Мы ушли. Мы больше не могли здесь оставаться.

На рассвете мы снова были у городских ворот; на этот раз с новой надеждой, которую бессонная ночь, физическая усталость и лихорадочная работа мысли довели до полной уверенности. Мы услышали сообщение, что аббат городка Жюмьеж вместе со всеми своими монахами прибудет в Руан, чтобы присутствовать при казни. Наше воображение, подогретое пылким желанием, уже превращало этих девятьсот монахов в старых соратников Жанны, а их аббата — в Ла Гира, Дюнуа или герцога Алансонского; и мы смотрели, как тянется вереница монахов, как никто их не останавливает, как толпа почтительно расступается перед ними, и сердца наши учащенно бились, комок подступал к горлу, а глаза наполнялись слезами радости и гордости; и мы старались заглянуть в их лица, прикрытые капюшонами, и если бы кто-нибудь из них оказался нашим боевым товарищем, мы бы дали им понять, что мы также сторонники Жанны и полны решимости сражаться за правое дело. Какими же, однако, глупцами мы были. Но мы были молоды, как вам известно, а молодость на все надеется и всему верит.

Глава XX

Утром я был уже на своем служебном посту, — на одном из помостов высотою в рост человека, воздвигнутом на кладбище у стен церкви святого Уэна. На этом же помосте толпились представители духовенства, знатные горожане и несколько юристов. Перед ним, на небольшом расстоянии, был воздвигнут другой помост пошире, с красивым навесом от дождя и солнца, устланный дорогими коврами; там. стояло много удобных стульев и среди них в центре два тронных кресла, роскошных и высоких.
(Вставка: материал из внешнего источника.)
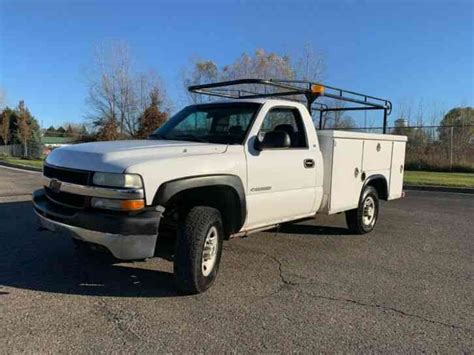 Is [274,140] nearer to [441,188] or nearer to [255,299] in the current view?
[255,299]

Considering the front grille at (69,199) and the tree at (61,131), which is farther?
the tree at (61,131)

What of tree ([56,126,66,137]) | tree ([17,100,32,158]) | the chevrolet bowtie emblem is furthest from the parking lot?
tree ([56,126,66,137])

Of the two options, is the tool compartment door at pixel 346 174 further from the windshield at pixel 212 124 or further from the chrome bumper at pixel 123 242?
the chrome bumper at pixel 123 242

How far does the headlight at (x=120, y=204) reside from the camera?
13.5 ft

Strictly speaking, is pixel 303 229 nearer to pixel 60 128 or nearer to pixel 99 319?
pixel 99 319

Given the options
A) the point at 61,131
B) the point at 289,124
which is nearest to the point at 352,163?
the point at 289,124

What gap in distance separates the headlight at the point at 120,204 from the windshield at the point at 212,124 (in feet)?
5.05

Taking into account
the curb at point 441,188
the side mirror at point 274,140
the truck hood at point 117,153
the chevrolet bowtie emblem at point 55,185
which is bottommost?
the curb at point 441,188

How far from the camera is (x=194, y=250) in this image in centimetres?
442

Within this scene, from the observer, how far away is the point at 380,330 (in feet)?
12.7

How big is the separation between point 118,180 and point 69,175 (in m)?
0.70

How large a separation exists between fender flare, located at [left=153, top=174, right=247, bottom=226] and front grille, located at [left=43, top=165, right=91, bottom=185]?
68 cm

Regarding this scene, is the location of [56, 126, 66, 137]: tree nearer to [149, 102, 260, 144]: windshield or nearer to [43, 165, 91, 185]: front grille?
[149, 102, 260, 144]: windshield

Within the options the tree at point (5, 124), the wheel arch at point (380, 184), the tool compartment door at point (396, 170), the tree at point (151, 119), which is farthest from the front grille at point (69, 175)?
the tree at point (5, 124) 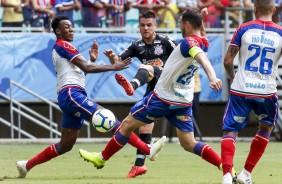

Одно из них занимал представитель английского короля, принц крови, его высокопреосвященство кардинал Винчестерский, другое — Кошон, епископ города Бовэ. Рядом с ними и вокруг сидели три епископа, вице-инквизитор, восемь аббатов и шестьдесят два монаха и благочестивых законника, входивших в состав суда на процессе Жанны.

Шагах в двадцати перед этими двумя помостами находился третий, построенный из камня в виде усеченной пирамиды со ступеньками. В центре этого безобразного сооружения торчал позорный столб; у столба были навалены дрова и вязанки хвороста. У подножия пирамиды стояли три фигуры в ярко-красных одеждах — палач и его подручные. Перед ними — жаровня с кучей раскаленных угольев, а в стороне неподалеку — большая поленница сухих дров и хвороста, доставленных сюда не менее чем на шести возах. Как странно! На вид, кажется, мы так тщедушны, так беспомощны; и все же легче превратить в пепел гранитную статую, чем сжечь человеческое тело.